Au reste, ce fleuve était large en ce lieu-là, comme est la Seine à Paris. Avant que d’y arriver, nous avions passé plusieurs autres rivières très belles et poissonneuses ; mais les Tartares ne savent pêcher ni ne se soucient pas du poisson, s’il n’est si grand qu’ils en puissent manger et s’en rassasier comme on fait du mouton. Ce fleuve est la borne orientale de la Russie et prend sa source en des marais qui s’étendent jusqu’à l’océan Septentrional, mais il a son cours vers le midi et s’embouche en une grande mer de sept cents milles d’étendue avant que d’arriver à la grande mer ; toutes les eaux que nous passâmes vont de ce côté-là.
Ce fleuve traverse à l’occident une grande forêt, et les Tartares ne montent jamais au delà vers le nord, parce qu’en ce temps-là, qui est environ vers le commencement du mois d’août, ils reprennent leur chemin vers le midi. Si bien qu’ils ont un logement plus bas, par où les ambassadeurs passent en temps d’hiver. Nous étions donc là en une grande peine, ne pouvant trouver ni bœufs ni chevaux pour notre argent ; à la fin, après que je leur eus fait connaître le travail que j’avais entrepris le bien commun du christianisme, ils nous accommodèrent de bœufs et d’hommes ; mais pour nos personnes, il nous fallut aller à pied. C’était au temps qu’ils coupaient les seigles, car le froment n’y vient pas bien ; mais ils ont du millet en abondance. Les femmes russiennes ornent leurs têtes ainsi que les nôtres, et bordent leurs robes depuis le bas jusqu’aux genoux de bandes de vair et d’hermine. Les hommes portent des manteaux comme les Allemands ; mais ils se couvrent la tête de certains bonnets en feutre pointus et fort hauts. Nous cheminâmes trois jours entiers sans trouver aucune habitation, étant fort las, et nos bœufs aussi, ne sachant où nous pourrions trouver les Tartares ; il nous arriva deux chevaux qu’on nous avait envoyés en diligence, dont nous fûmes fort réjouis. Notre guide et notre truchement montèrent dessus pour aller découvrir de quel côté nous pourrions trouver quelque logement. Enfin, au quatrième jour, nous en trouvâmes avec autant de joie que ceux qui après la tempête arrivent au port. Ayant pris là des chevaux et des bœufs, selon que nous avions besoin, nous poursuivîmes notre chemin de logement en logement, tant que nous parvînmes le dernier jour de juillet jusqu’à celui de Sartach.

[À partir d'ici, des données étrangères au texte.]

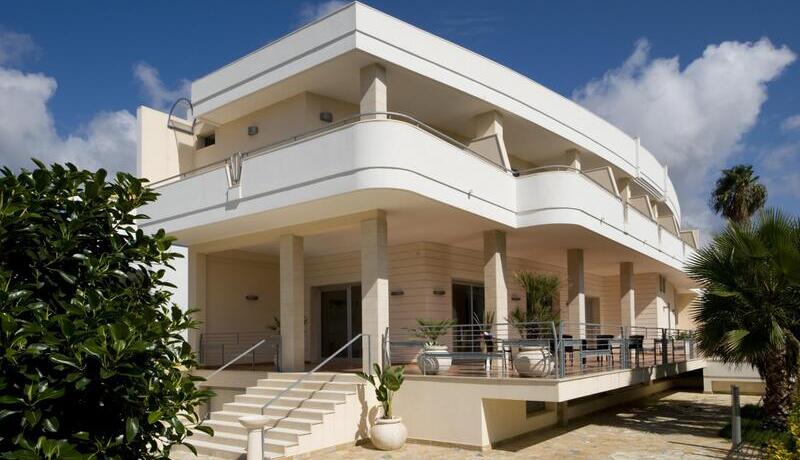Thumbnail Residenza del mare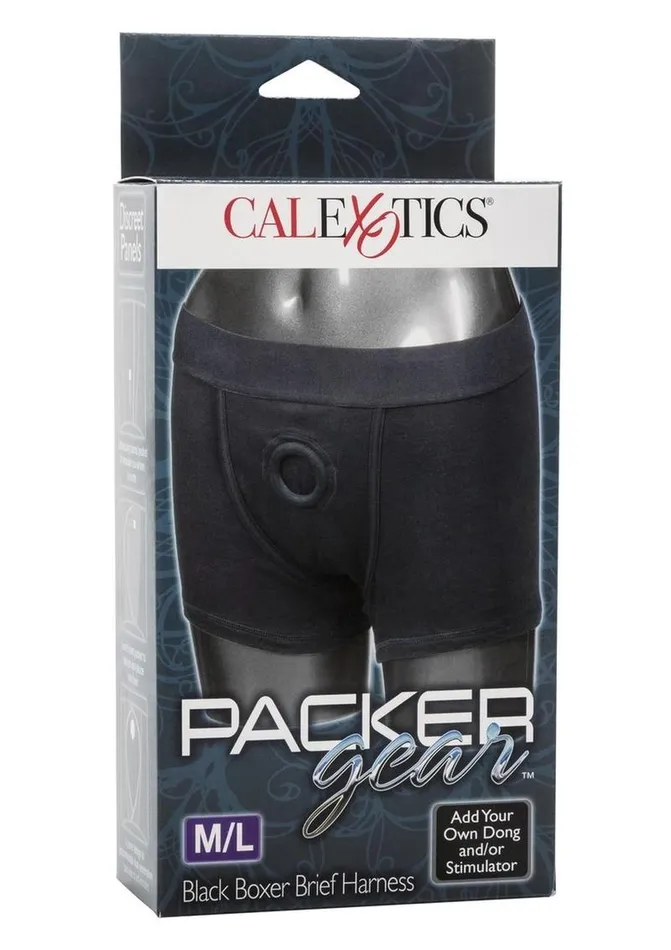Packer Gear Female Sex Toys Packer Gear Boxer Brief Harness Packer Gear Female Sex Toys Packer Gear Boxer Brief Harness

Tout le pays au delà du Tanaïs est très beau, rempli de forêts et de fleuves du côté du nord. Il y a de grands bois qui sont habités de deux sortes d’hommes. Les uns s’appellent Moxel, qui n’ont aucune loi, et sont entièrement idolâtres. Ils n’ont point de villes ni de villages, mais seulement quelques cabanes çà et là dans les bois. Ceux de cette nation avec leur seigneur avaient été tués la plupart en Allemagne. Les Tartares les y avaient menés ; et ils ont conservé de l’estime pour les Allemands, et s’attendent bien d’être un jour délivrés par eux de la servitude des Tartares. Quand quelque marchand étranger arrive chez eux, il faut que celui chez qui il descend le pourvoie de tout ce qui lui sera nécessaire tant qu’il y demeurera. Ils ont quantité de pourceaux, de miel, de cire, de riches fourrures et de faucons. Il y a proche d’eux d’autres peuples qui s’appellent Merclas les Latins les appellent Mardes ; ils sont sarrasins. Au delà d’eux est le fleuve Étilia (Volga), qui est le plus grand que j’aie jamais vu : il vient du nord et de la Grande-Bulgarie[2] ; il va droit au midi, pour tomber dans un grand lac ou mer (Caspienne), qui a plus de quatre mois de circuit, et dont je parlerai ci-après. La distance de ces deux fleuves du Tanaïs et d’Étilia n’est pas grande dans les endroits et pays du nord, où nous avons passé plus de dix journées, mais vers le midi ils sont bien plus éloignés. Car le Tanaïs s’embouche dans les Palus-Méotides, et l’Étilia dans ce grand lac qu’il fait, avec plusieurs autres fleuves qui s’y rendent de Perse. Au midi nous avions de très grandes montagnes où habitent les Kergis (Kirghis), et les Alains ou Acas, qui sont chrétiens et combattent encore tous les jours contre les Tartares. Après eux, vers ce grand lac ou mer, sont des sarrasins, qu’on appelle Lesges, qui sont sujets des Tartares ; puis on trouve la Porte de fer[3] que, dit-on, le grand Alexandre fit faire pour empêcher les Barbares d’entrer en Perse ; j’en parlerai encore ci-après, d’autant que j’y passai à mon retour. En tous les pays qui sont entre ces deux fleuves, par où nous avons passé, habitaient autrefois les Comans avant que les Tartares eussent occupé cette région.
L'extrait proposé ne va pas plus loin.